Identifying what you want
- Figure out what you’re doing there. Before you open up a social media app, ask yourself, “what do I need from this right now?” It might change daily or even throughout the day, but asking yourself the question and being honest about your answer is always step 1. When I’ve done this recently, the answer I’ve come up with is “I don’t want to do the next thing on my to-do list so I’m looking for a distraction.”
- Once you’ve identified what you want from social media, check if there’s another way to satisfy the same need. When I admit to myself that I’m seeking distraction, it becomes a lot easier to compromise and say “Okay, that’s valid, but just finish this task, then go for a walk to mentally refresh instead.” If you’re looking for a connection, can you call a friend you haven’t talked to in a while? Can you send a thank you note to a coworker for something they helped you with last week? If you’re seeking inspiration, can you curate your feed to only show creators that inspire you? Are there certain artists you can check out via their direct websites instead?
- If the answer is no, you can’t get what you’re looking for anywhere else, decide how much time you’re willing to spend. Sometimes your answer might just be that you’re bored and want to let your mind wander for a bit, and that’s cool. But set a timer for 10 minutes instead of falling into the social media rabbit hole and coming up for light in 2 hours.

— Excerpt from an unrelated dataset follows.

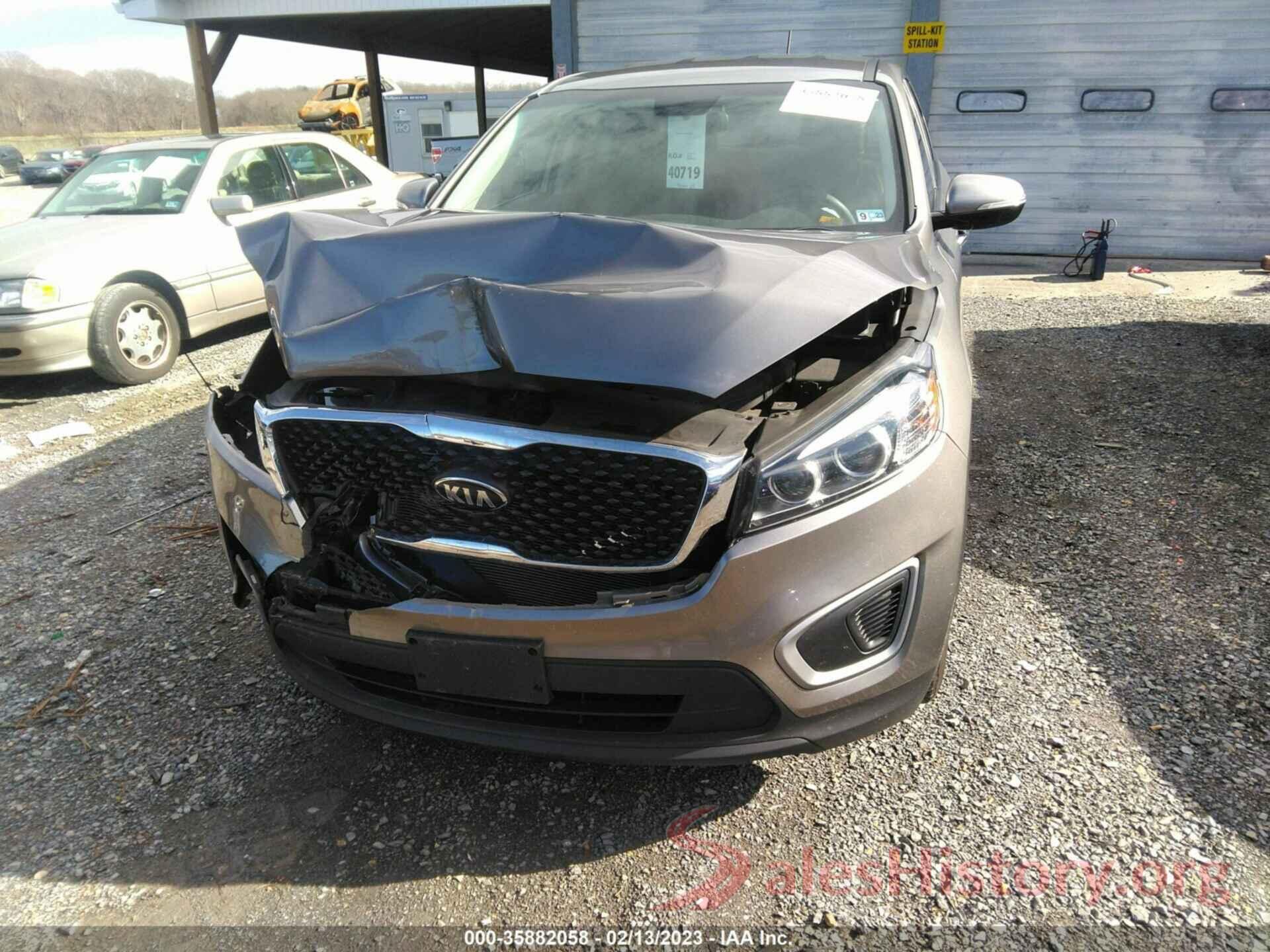 5XYPG4A38HG218817 2017 KIA SORENTO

- Try using the minimalist site where everything is low quality, and it’s not nearly as enticing: https://m.facebook.com/. A trip to this site makes you want to get in and out as quickly as possible. Use this to make your social media dive less appealing or when you tell yourself you only want to check one specific thing.
The main thing about our relationship with social media
Social media isn’t going away anytime soon, so we need to find a balance that makes us happy. If spending time on social media is upsetting or leaving you feeling like something’s missing, re-assess the relationship. And it’s okay to break up if that’s what you need to do. Even a temporary social media detox (or a few years like I did) can be so freeing and teach you to see the world and your time in a new light.